How to complete this task – No pictures in the copy. Write out the listing below exactly.

Data block –
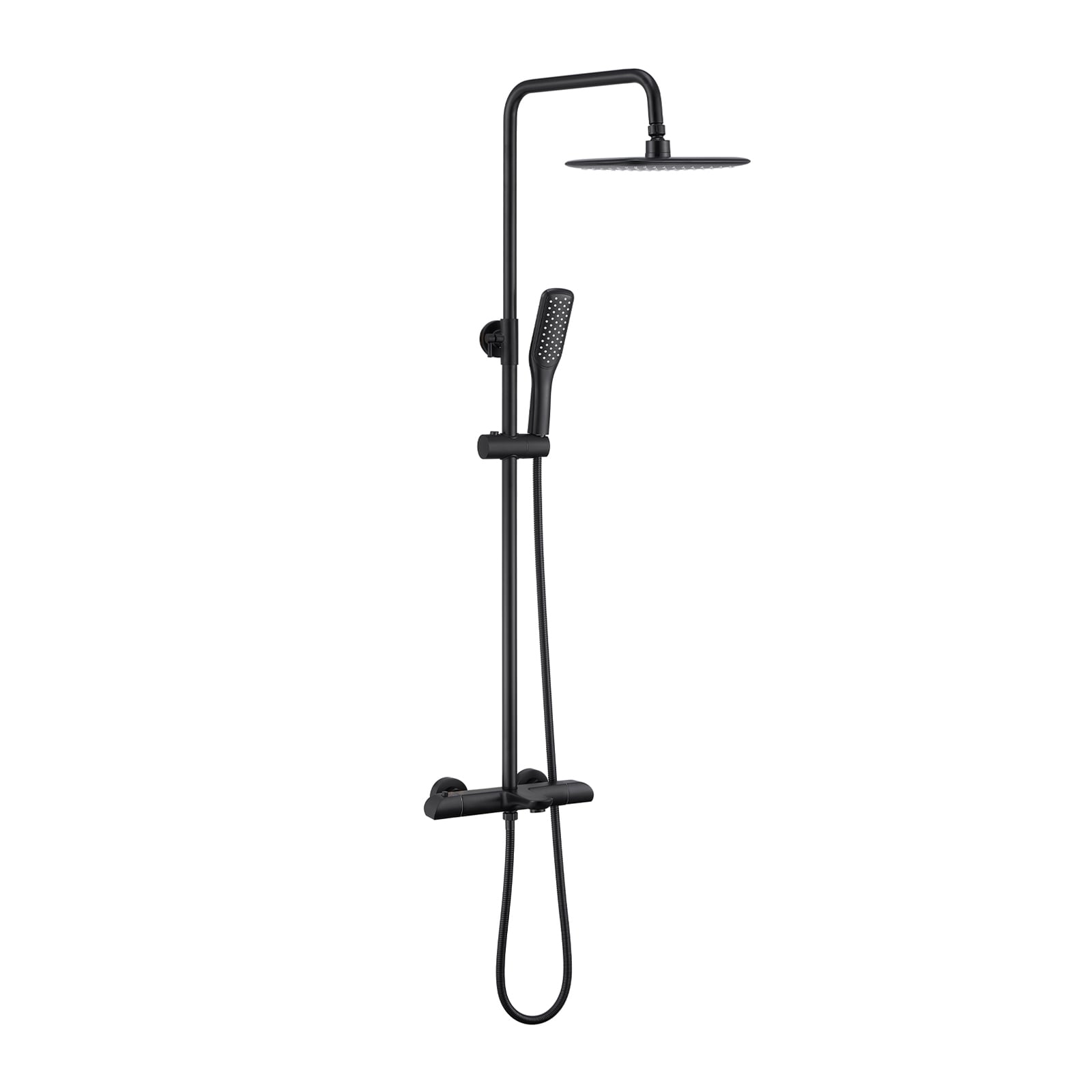 Flynama XY-291BG Matte Black 10-Inches Waterfall Dual Head Built-In Shower Faucet System with 3-way Diverter ( Ceramic Disc Valve Included )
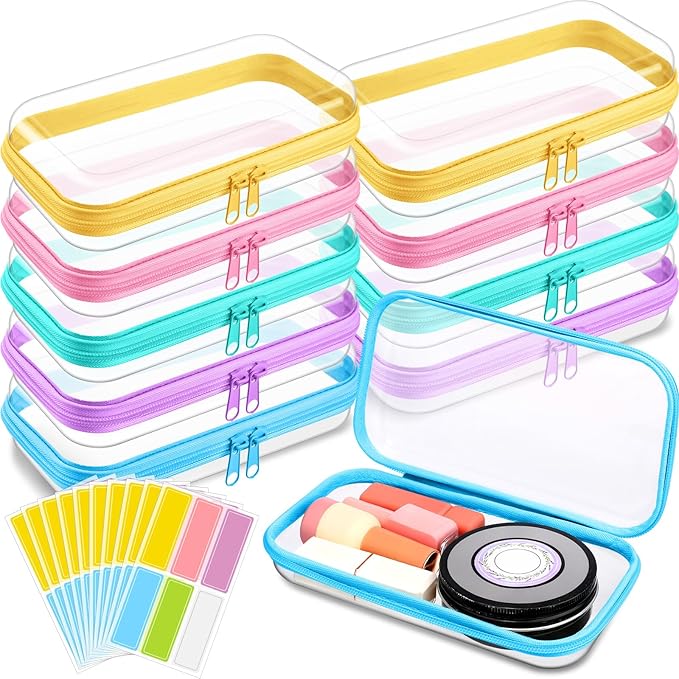 Sanwuta 10 Pcs Hard Zipper Case Clear Hard Pouches Plastic Zipper Pencil Box Toy Storage Bins Portable Plastic Container for Travel Toiletry Office Cosmetic Block Puzzle Organizer(S,Macaron Color)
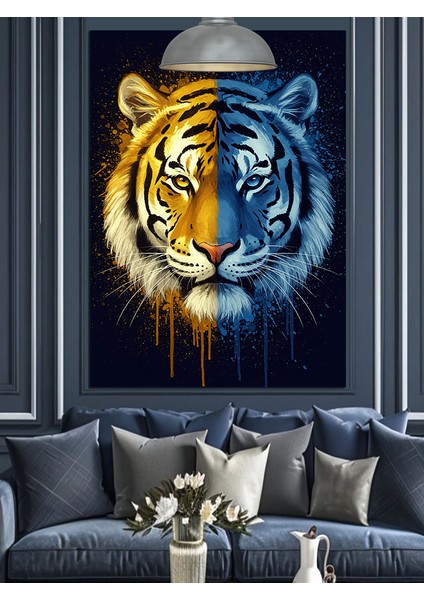 Kaplan Yüzü Mavi Sarı Dekoratif Kanvas - Mdf Ahşap Tablo fiyatları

Answer box –
 Flynama XY-291BG Matte Black 10-Inches Waterfall Dual Head Built-In Shower Faucet System with 3-way Diverter ( Ceramic Disc Valve Included )
 Sanwuta 10 Pcs Hard Zipper Case Clear Hard Pouches Plastic Zipper Pencil Box Toy Storage Bins Portable Plastic Container for Travel Toiletry Office Cosmetic Block Puzzle Organizer(S,Macaron Color)
 Kaplan Yüzü Mavi Sarı Dekoratif Kanvas - Mdf Ahşap Tablo fiyatları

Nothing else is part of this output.